Once again, our banks impress Canadians with their razor-sharp instinct for exactly the wrong action at the wrong time.
First it was responding to the Bank of Canada lowering interest rates by jacking up the mortgage rate.
Now, on the heels of a $50-billion taxpayer bailout to ensure liquidity in the banking industry, TD Bank decides to hike interest payments on credit cards.
The bank's explanation is precious: “'The changes align with the pricing practices of our competition,' a TD spokesperson said.”
So let me get this straight…
Banks go on a ten-year tear of easy credit and increasingly risky investments to fuel immodest profits and inflate shareholder value.
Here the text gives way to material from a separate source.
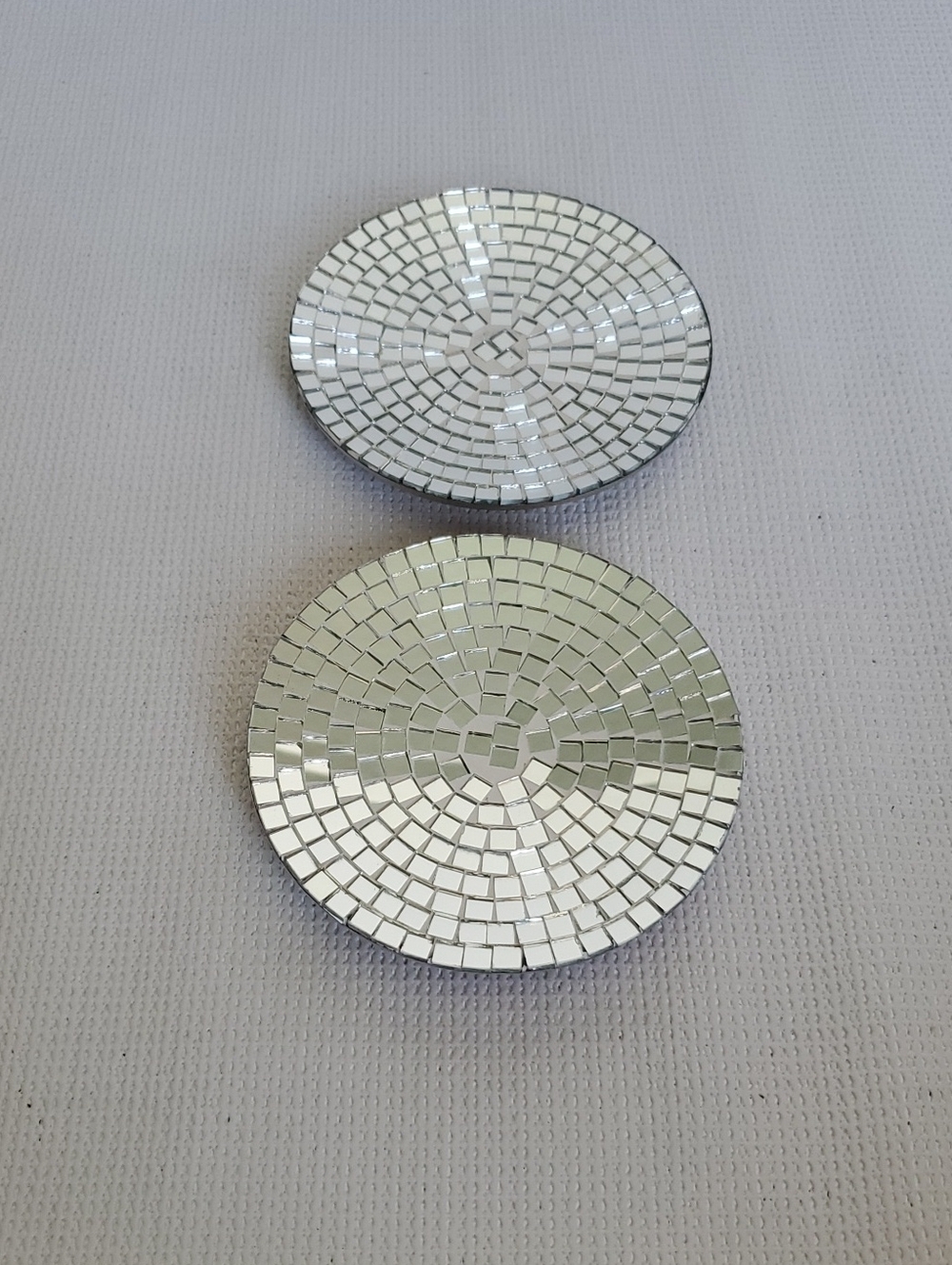 Bed Bath & Beyond NWT Round Mosaic Mirror Candle Plates - Set Of 2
When the bubble bursts, taxpayers fork over $50-billion to the banks to ensure that they can continue to keep lending money to small businesses and individuals and not seize the entire economy up.
Then the banks turn around and do the opposite: They make credit tighter for the most vulnerable customers they have, moving interest rates that already border on usury to even higher levels of mistreatment.
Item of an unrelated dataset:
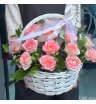 Композиция в корзине из роз «Нежное счастье»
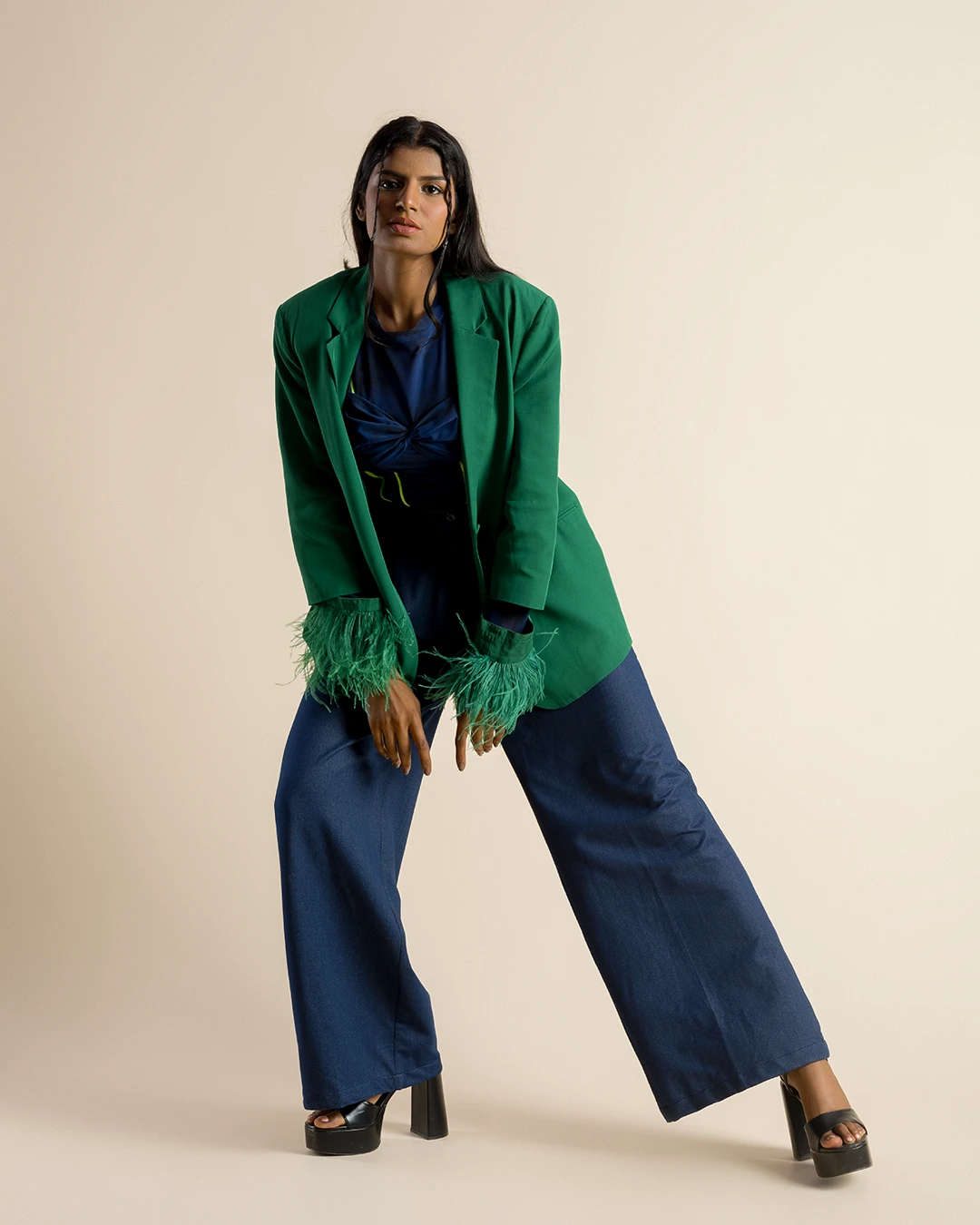 Indus Papers Studio Background – #033 Eggshell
And their only excuse is “all the other guys are doing it, Mom!”
I am by no means a populist. I think banks are a critical and positive institution in our economy and our society.
But bad judgment happens to the best of us.
And large organizations are prone to irrational decisions.
In this case, the signals from the top to reduce risk at all costs are running counter to the spirit, if not the terms, of the government's bailout.
Perhaps Frank McKenna's much vaunted political instincts will kick in right about now and he will advise the board to remove their heads from their posteriors.